A diferença entre o dinheiro que entrou no país e o que saiu por meio das exportações de bens e serviços e por gastos de turistas resultou em um saldo negativo de US$ 6,635 bilhões em maio e de US$ 40,074 bilhões no acumulado deste ano. Essa conta é chamada de transações correntes.
Ao mesmo tempo, a diferença entre o que entrou no país e o que saiu por meio de investimentos estrangeiros foi de US$ 45,773 bilhões, cobrindo o rombo das transações correntes, com uma sobra de US$ 5,698 bilhões.
Somando essa sobra com US$ 2,576 bilhões de “erros e omissões” do balanço, o país aumentou em US$ 8,274 bilhões as suas reservas internacionais neste ano.
Isso quer dizer que, nos cinco primeiros meses de 2014, entraram no país US$ 8,274 bilhões a mais do que o dinheiro que saiu. (No gráfico acima, as entradas de US$ 48,3 bilhões se referem à soma dos investimentos estrangeiros com o item ''erros e omissões''.)

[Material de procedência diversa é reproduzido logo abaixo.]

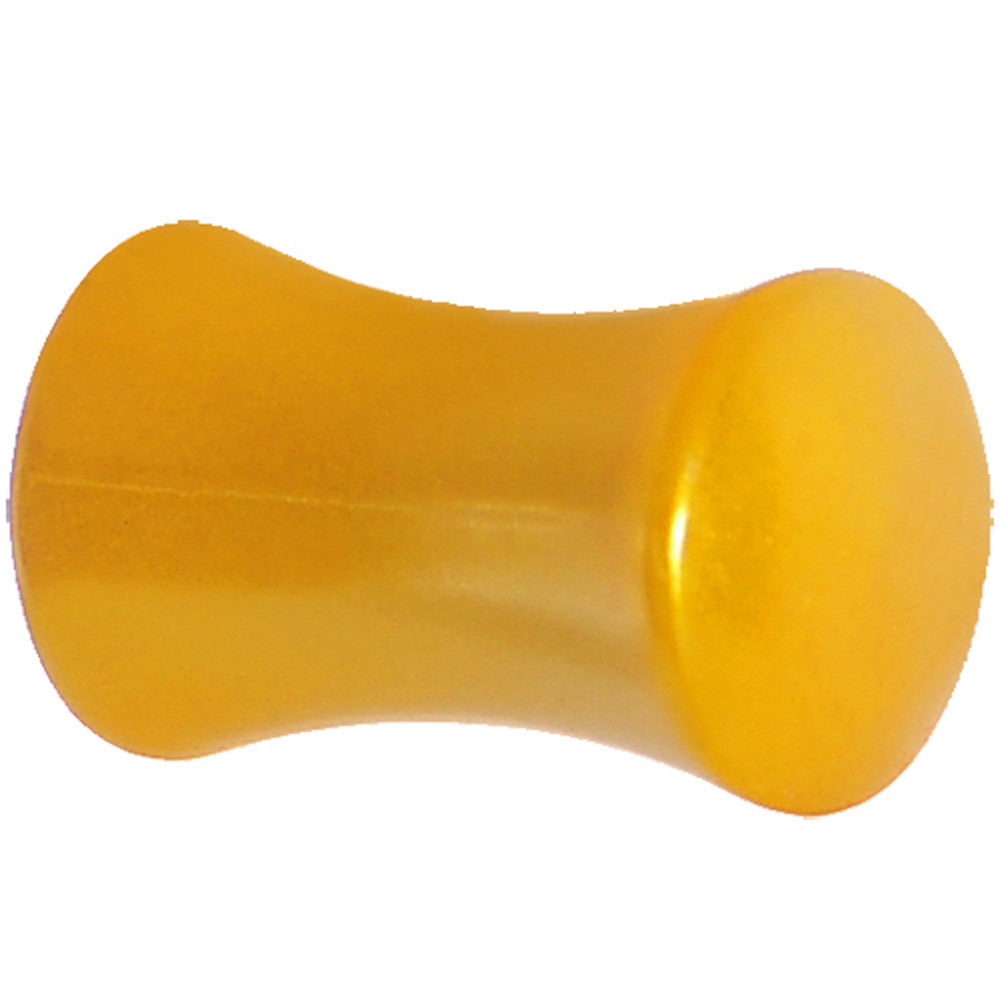 2G Honey Yellow Metallic Pearl Acrylic Saddle Plug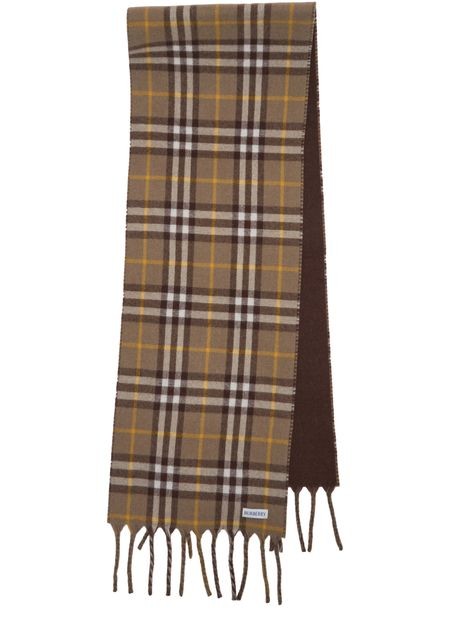 BURBERRY Cashmere scarf with EKD crest - Image 3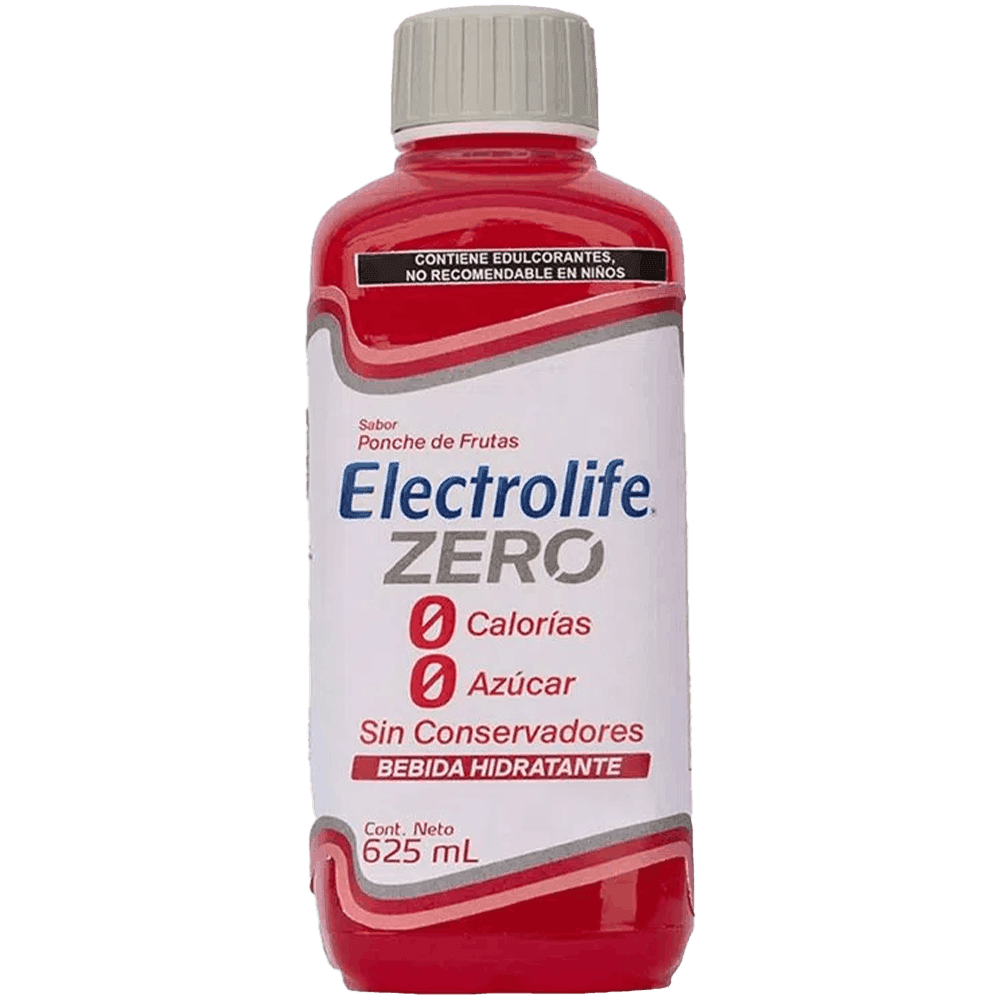 Electrolife zero ponche frutas 625ml nvo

Olhando mais de perto para os números, vemos que, para manter esse balanço equilibrado, temos precisado de capital especulativo, aqui definido como aquele que pode sair do país em curto prazo, como as aplicações no mercado de ações ou em títulos da dívida do governo.
Do saldo de US$ 45,773 bilhões que entrou no país na forma de investimentos estrangeiros, apenas US$ 22,027 bilhões foram diretamente para o setor produtivo. O restante entrou como investimentos em ações, títulos públicos, derivativos etc, ou seja, são aplicações que podem sair do país muito rapidamente.
No segundo gráfico, os investimentos em carteira e outros são aqueles que podem sair do país em curto prazo, o que não quer dizer que eles necessariamente vão sair. Quem compra uma ação, por exemplo, pode guardá-la por anos ou vender imediatamente. Já quem constrói uma fábrica (caso do investimento direto) não consegue se desfazer dela tão rápido.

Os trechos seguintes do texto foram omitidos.